--- Information shown ---
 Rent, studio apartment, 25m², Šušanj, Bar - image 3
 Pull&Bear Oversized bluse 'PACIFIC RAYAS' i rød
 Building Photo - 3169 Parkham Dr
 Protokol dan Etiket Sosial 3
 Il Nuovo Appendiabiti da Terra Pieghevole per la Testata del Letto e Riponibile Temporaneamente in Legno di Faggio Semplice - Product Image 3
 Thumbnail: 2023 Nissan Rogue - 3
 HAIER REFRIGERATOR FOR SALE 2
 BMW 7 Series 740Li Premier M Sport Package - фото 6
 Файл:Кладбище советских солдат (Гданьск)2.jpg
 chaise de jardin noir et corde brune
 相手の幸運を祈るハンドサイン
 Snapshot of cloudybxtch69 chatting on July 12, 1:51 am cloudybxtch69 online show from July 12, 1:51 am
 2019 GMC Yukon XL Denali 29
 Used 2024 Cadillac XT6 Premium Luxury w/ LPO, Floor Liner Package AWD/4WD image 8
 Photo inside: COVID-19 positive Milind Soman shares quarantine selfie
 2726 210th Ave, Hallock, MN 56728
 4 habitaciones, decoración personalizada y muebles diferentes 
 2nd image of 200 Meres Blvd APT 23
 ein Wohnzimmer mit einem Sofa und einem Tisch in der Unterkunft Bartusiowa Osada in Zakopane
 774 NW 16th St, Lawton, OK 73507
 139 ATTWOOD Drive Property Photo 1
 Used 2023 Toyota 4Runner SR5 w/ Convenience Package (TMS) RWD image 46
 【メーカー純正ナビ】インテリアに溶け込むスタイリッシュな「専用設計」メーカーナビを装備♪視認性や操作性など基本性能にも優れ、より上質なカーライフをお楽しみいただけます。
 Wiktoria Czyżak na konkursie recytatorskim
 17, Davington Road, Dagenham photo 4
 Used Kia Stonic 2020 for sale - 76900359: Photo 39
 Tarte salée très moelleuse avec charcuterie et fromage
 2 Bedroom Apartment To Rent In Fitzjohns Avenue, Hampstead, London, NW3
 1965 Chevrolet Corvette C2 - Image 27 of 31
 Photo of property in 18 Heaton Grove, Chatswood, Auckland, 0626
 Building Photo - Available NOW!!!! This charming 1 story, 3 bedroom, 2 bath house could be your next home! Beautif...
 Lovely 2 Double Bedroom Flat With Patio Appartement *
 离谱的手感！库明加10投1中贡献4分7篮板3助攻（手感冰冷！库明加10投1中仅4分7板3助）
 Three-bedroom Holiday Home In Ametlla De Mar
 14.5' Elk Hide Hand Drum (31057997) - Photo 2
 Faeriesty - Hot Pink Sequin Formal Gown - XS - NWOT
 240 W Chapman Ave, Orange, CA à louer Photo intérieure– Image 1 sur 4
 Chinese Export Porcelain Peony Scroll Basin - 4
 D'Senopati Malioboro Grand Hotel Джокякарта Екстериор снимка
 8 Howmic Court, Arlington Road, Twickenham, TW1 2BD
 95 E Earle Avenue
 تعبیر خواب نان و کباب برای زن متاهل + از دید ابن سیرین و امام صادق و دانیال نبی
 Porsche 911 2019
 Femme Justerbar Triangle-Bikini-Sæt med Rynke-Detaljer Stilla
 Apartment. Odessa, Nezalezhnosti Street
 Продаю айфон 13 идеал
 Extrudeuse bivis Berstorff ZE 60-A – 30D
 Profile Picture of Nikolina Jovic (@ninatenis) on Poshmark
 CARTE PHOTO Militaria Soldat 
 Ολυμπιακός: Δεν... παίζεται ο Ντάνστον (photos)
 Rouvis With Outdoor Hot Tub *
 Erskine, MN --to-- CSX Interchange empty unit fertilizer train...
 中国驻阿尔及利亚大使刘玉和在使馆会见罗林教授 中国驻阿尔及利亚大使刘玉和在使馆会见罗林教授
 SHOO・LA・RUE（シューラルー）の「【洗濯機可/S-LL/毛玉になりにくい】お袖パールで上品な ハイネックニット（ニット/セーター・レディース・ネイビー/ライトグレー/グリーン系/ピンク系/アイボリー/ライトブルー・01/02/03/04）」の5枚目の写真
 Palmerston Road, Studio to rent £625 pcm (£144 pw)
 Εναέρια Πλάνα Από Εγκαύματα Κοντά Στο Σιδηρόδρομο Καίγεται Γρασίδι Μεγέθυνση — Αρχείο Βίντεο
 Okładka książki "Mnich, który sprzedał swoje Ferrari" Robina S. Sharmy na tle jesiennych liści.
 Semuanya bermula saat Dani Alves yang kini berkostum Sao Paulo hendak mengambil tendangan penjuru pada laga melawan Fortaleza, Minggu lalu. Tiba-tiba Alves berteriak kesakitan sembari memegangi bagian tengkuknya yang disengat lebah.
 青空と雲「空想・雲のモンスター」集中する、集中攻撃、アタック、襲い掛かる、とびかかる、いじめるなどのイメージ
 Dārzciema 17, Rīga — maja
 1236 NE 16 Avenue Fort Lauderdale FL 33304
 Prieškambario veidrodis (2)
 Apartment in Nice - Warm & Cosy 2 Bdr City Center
---
Work required
There is a run of lines above from the one with "2019 GMC Yukon XL Denali 29" to the one with "17, Davington Road, Dagenham photo 4"; print exactly that run, both ends included, and nothing else.

Result of the task
 2019 GMC Yukon XL Denali 29
 Used 2024 Cadillac XT6 Premium Luxury w/ LPO, Floor Liner Package AWD/4WD image 8
 Photo inside: COVID-19 positive Milind Soman shares quarantine selfie
 2726 210th Ave, Hallock, MN 56728
 4 habitaciones, decoración personalizada y muebles diferentes 
 2nd image of 200 Meres Blvd APT 23
 ein Wohnzimmer mit einem Sofa und einem Tisch in der Unterkunft Bartusiowa Osada in Zakopane
 774 NW 16th St, Lawton, OK 73507
 139 ATTWOOD Drive Property Photo 1
 Used 2023 Toyota 4Runner SR5 w/ Convenience Package (TMS) RWD image 46
 【メーカー純正ナビ】インテリアに溶け込むスタイリッシュな「専用設計」メーカーナビを装備♪視認性や操作性など基本性能にも優れ、より上質なカーライフをお楽しみいただけます。
 Wiktoria Czyżak na konkursie recytatorskim
 17, Davington Road, Dagenham photo 4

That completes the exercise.